3. The head tube badge on the Tuscany is thin, flat, cheap and riveted on. On the Vamoots, it is thick, textured, cast pewter, and screwed on by hand.
4. The Litespeed water bottle mounts are cheap and riveted in. The Moots mounts are welded in with the usual perfect welds.
5. The seat post clamp on the Tuscany is cheap, clunky looking aluminum. The integrated clamp on the Moots is the same story as the water bottle mounts.
6. Tapping on the Tuscany tubing sounds and feels thin, flimsy and cheap. Tapping on the Vamoots tubing feels solid, thick and much higher quality. This is true all over the frame, not just where the Tuscany's tubing might be double butted.
7. The Tuscany dropouts look weaker and easier to bend. The seat and chain stays taper down to a point and are welded to a narrow dropout. The Tuscany derailleur hanger is also not replacable. The Moots dropouts use a much stronger looking Breezer style. The sheer square millimeters of weld area is much larger on the larger diameter stays that aren't tapered and have to be stronger.
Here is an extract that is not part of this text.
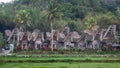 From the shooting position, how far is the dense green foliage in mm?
102338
The derailleur hanger is made of 6Al-4V titanium and is replaceable.
8. Despite all the advanced shaping of the Tuscany's tubing, the frame is soft, sloppy, mushy and flexy compared to the much stiffer-feeling Vamoots with its lower-tech, mostly round, straight tubing. While the Litespeed frame might be slightly more comfortable on rough roads, maybe even too plush and isolated, it's nowhere near as fun to ride as the Vamoots. The Moots bike has a sort of "magical" ride quality that makes it feel organic, alive and natural, like an extension of my own body that works with me.

The resale value of a Moots frame will be significantly higher than a Litespeed and probably a Lynskey as well. You will be lucky to get 25-30% resale for a Litespeed, but probably 50% or more for a Moots since they are in higher demand. Partly due to being somewhat scarcer, but also due to the well-deserved Moots reputation for quality.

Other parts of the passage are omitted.